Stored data
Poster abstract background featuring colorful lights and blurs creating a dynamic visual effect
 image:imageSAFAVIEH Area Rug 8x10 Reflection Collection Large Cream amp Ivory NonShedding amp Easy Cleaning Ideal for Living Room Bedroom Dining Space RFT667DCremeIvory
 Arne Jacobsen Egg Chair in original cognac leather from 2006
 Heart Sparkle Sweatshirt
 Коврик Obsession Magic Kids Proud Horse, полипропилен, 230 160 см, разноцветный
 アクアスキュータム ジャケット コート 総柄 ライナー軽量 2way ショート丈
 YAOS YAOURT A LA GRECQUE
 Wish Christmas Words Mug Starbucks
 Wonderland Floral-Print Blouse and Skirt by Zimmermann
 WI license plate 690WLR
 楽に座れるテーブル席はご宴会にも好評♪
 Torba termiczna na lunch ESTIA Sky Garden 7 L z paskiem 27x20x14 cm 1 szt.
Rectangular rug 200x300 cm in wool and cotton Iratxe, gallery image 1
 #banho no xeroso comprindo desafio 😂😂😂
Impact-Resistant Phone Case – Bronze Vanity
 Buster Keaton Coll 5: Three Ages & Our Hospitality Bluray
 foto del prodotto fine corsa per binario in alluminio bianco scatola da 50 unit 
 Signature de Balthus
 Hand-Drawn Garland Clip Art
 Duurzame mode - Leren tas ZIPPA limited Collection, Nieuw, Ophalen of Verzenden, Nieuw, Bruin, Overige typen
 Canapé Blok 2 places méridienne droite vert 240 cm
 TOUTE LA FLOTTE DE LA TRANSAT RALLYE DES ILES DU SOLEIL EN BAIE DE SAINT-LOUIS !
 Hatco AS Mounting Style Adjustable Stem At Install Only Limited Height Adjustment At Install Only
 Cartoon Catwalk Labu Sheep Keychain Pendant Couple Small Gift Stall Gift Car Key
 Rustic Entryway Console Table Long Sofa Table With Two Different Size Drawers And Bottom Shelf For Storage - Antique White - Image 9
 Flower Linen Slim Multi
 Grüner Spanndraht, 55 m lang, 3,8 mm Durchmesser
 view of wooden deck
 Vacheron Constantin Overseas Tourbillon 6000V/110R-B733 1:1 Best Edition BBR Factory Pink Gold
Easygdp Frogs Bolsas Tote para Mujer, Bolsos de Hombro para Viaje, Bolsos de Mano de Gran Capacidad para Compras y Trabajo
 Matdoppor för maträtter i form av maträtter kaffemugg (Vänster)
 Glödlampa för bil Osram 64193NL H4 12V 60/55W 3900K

--- Activity ---
If a line in the records contains "Collection", report it.

--- Solution to the problem ---
 image:imageSAFAVIEH Area Rug 8x10 Reflection Collection Large Cream amp Ivory NonShedding amp Easy Cleaning Ideal for Living Room Bedroom Dining Space RFT667DCremeIvory
 Duurzame mode - Leren tas ZIPPA limited Collection, Nieuw, Ophalen of Verzenden, Nieuw, Bruin, Overige typen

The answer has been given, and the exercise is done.